# Struggling with chicken bbq.. Newbie here



## chemmutk (Feb 6, 2016)

Hi thr, I have an 18" bbq kettle and charcoal briquettes . I'm planning to make tandoori chicken( 2 whole chicken cut into 8 big pieces) . So I read that chicken should be cooked in indirect heat method ( two zone). But I Have doubts ...I will list them down 
1) how many briquettes should I use ?
2) how long should I cook the each side ? Does it has to be cooked both sides ?
if so, when shud I flip , I mean after how many minutes ? 
3) should I cook it with lid on ? 
4) what should be the grill temperature to be maintained ? I don't have a grill gauge , but I wud like to know.
Kindly note that I don't have a meat thermometer either.


----------



## Dennis in MN (Feb 6, 2016)

When I grill anything:

1. I use the lid

2. I save charcoal by snuffing it after a cook, when I start again, I add a layer. In other words, I have no idea of the amount of charcoal. 

3.  I cook for about 10 to 12 minutes, inspect, flip, then repeat until I remove the food when I am satisfied that it is done. 

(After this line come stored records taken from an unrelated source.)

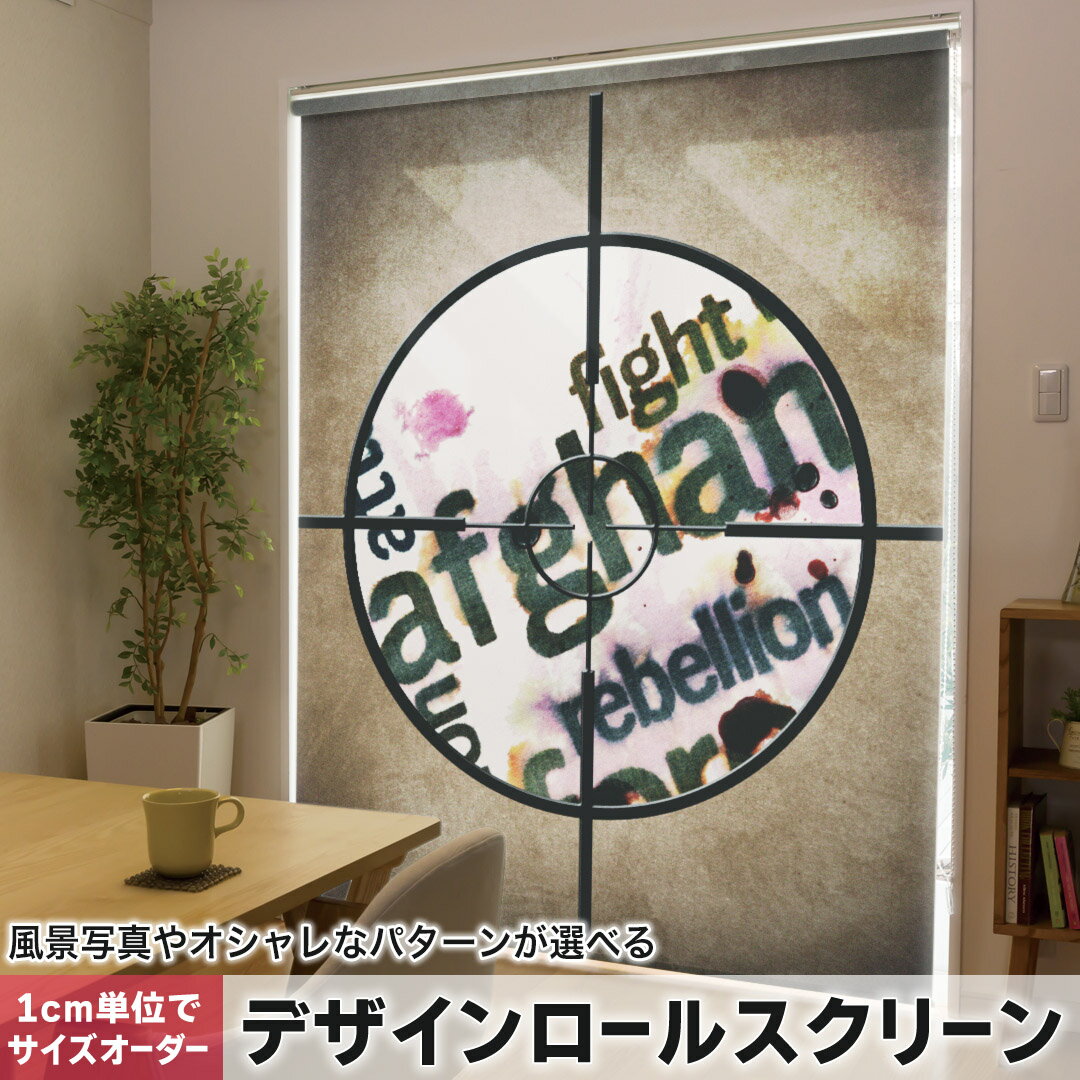 1cm単位サイズオーダー ロールスクリーン ロールカーテン オーダーメイド タチカワ 日本製 間仕切り カーテン 採光 非遮光 目隠し UVカット カーテンレール チェーン式 プル式 015882 英語　文字　おしゃれ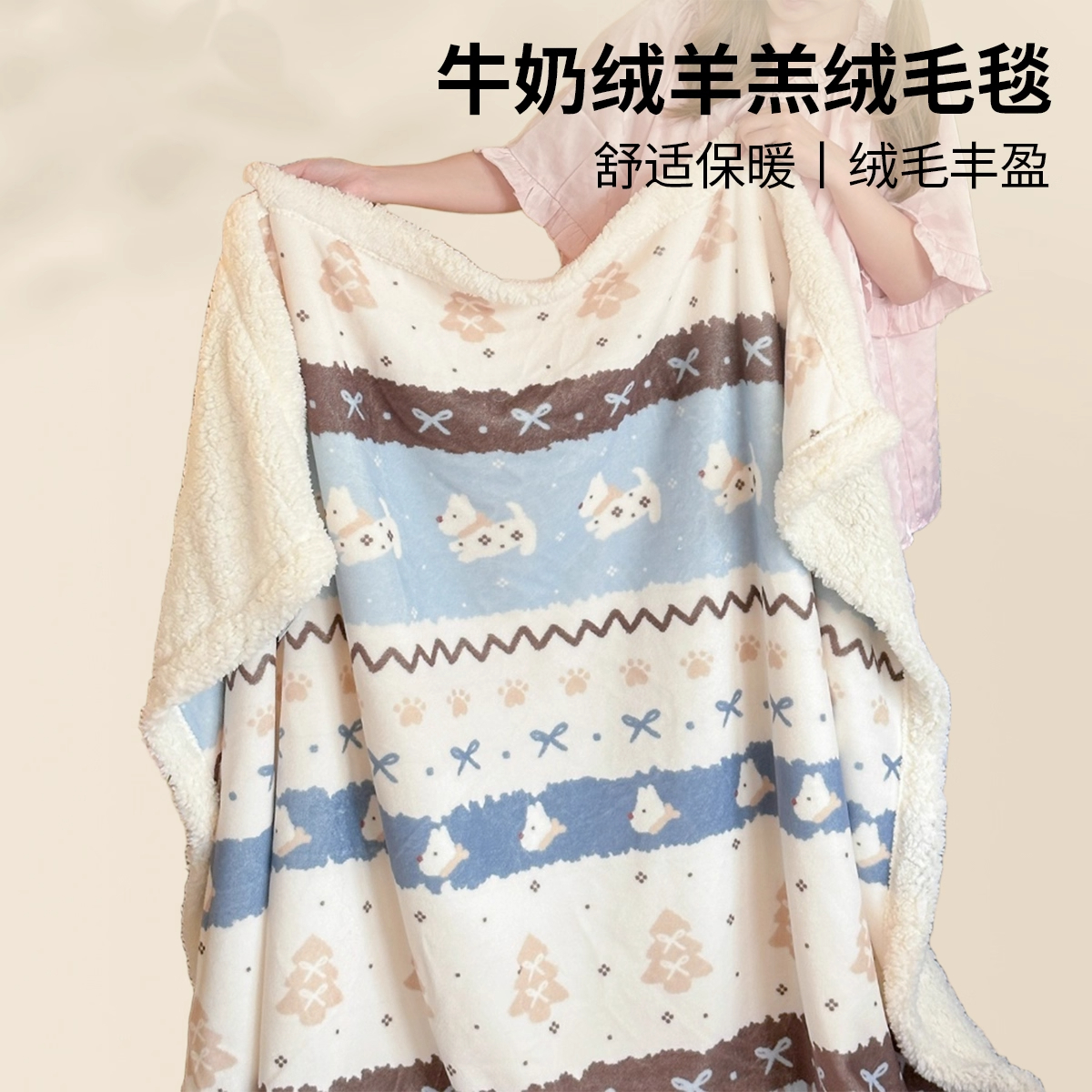 秋冬季加厚牛奶绒毛毯珊瑚绒毯子办公室午睡毯沙发盖毯披肩小毯子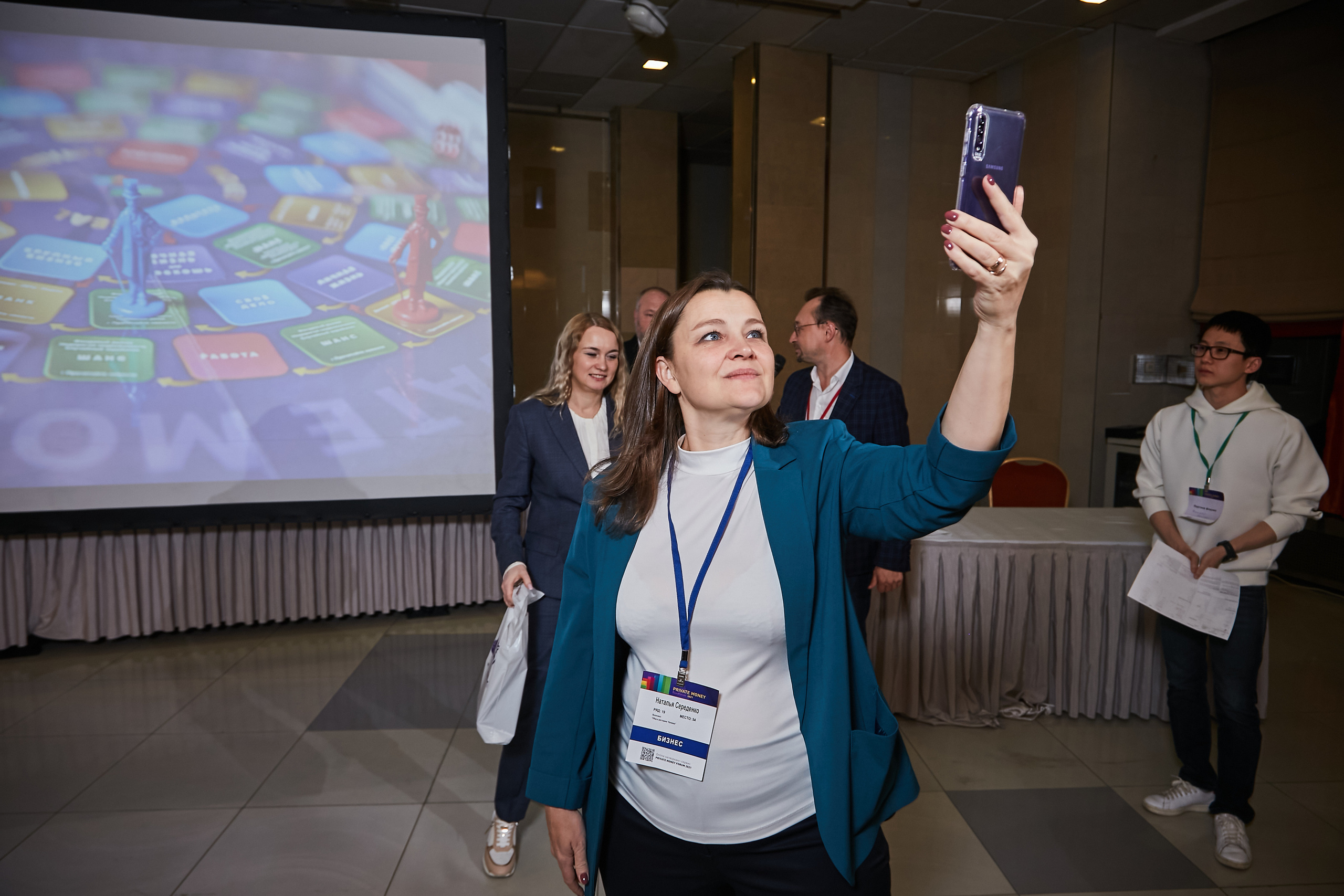 17.10.2021 Форум Private Money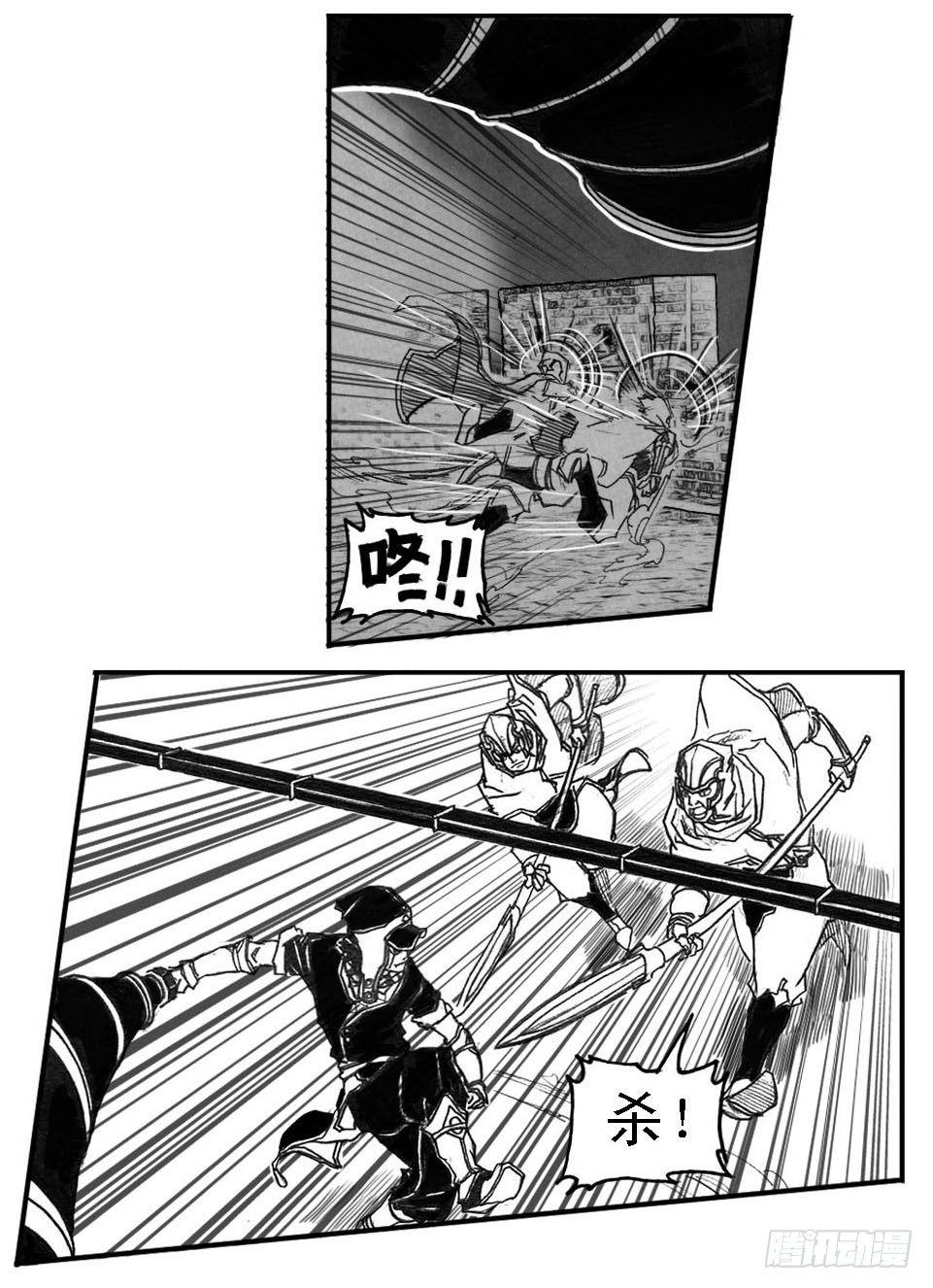 56横冲直撞-第58话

I also do not have a thermometer in my 18" kettle. My guess is that I tend to cook at between 300 and 350 degrees F.


----------



## bbquzz (Feb 6, 2016)

Dennis has it right, I do like to use a thermometer like a Thermapen or other instant read thermometer to check the temp of the chicken, it should be 165°. You didn't say if you have an 18" Weber or other, but I'm with Dennis put a good layer of charcoal on the left side and use the right as your indirect or visa versa and when you are done close all the vents and the charcoal should extinguish its self and you can add some fresh to the old and use it next time. Defiantly use a closed lid when cooking.


----------



## chemmutk (Feb 7, 2016)

@dennis & bbquzz : I appreciate your prompt response to my doubts. I use an 18" dubai bought kettle ( ditto of webers 18" kettle). Is it OK to use a full chimney of charcoal briquettes (cocunut shell)? As u said to maintain temp between 300- 350, I don't have a clear cut idea how much fire needed... im person who loves meat to be well done consistency. Few more doubts I have, if u find time pls try answer those too
1) Is it OK to marinate chicken for 12 hours or more? 
2) is to Ok paste the marinate recipe again when it's almost cooked and the keep few minutes over direct heat ? Coz I do want the full flavour of those recipe.


----------



## Dennis in MN (Feb 7, 2016)

I would say yes to both!  I usually don't marinate that long, but there is no reason that you can't. Just keep it refrigerated during the duration.


----------



## dledmo (Feb 7, 2016)

About the marinade time, if the marinade is acidic (like most are) the outer layer will degrade and become mushy.  If you want the marinade to go deeper into the meat consider injecting it.  Reserve some of the marinade before you apply it to the chicken if you want to add some at the end, don't reuse the marinade with chicken (food safety).


----------



## chemmutk (Feb 7, 2016)

Thank u again Dennis ... thank u dledmo. If u were to cook 8 big chicken pieces in an 18 " kettle, how much briquttes wud u use? A full chimney or more than that?


----------



## dledmo (Feb 7, 2016)

With bone in chicken the cook time is longer, start with a full chimney (depending on chimney size) and adjust from there.  There are always variables to consider such as wind, air temp, size of the meat etc.  Two whole chickens will probably take up most of the 18" with some pieces being almost directly over the coals.


----------



## Dennis in MN (Feb 7, 2016)

dledmo said:


> About the marinade time, if the marinade is acidic (like most are) the outer layer will degrade and become mushy.  If you want the marinade to go deeper into the meat consider injecting it.  Reserve some of the marinade before you apply it to the chicken if you want to add some at the end, don't reuse the marinade with chicken (food safety).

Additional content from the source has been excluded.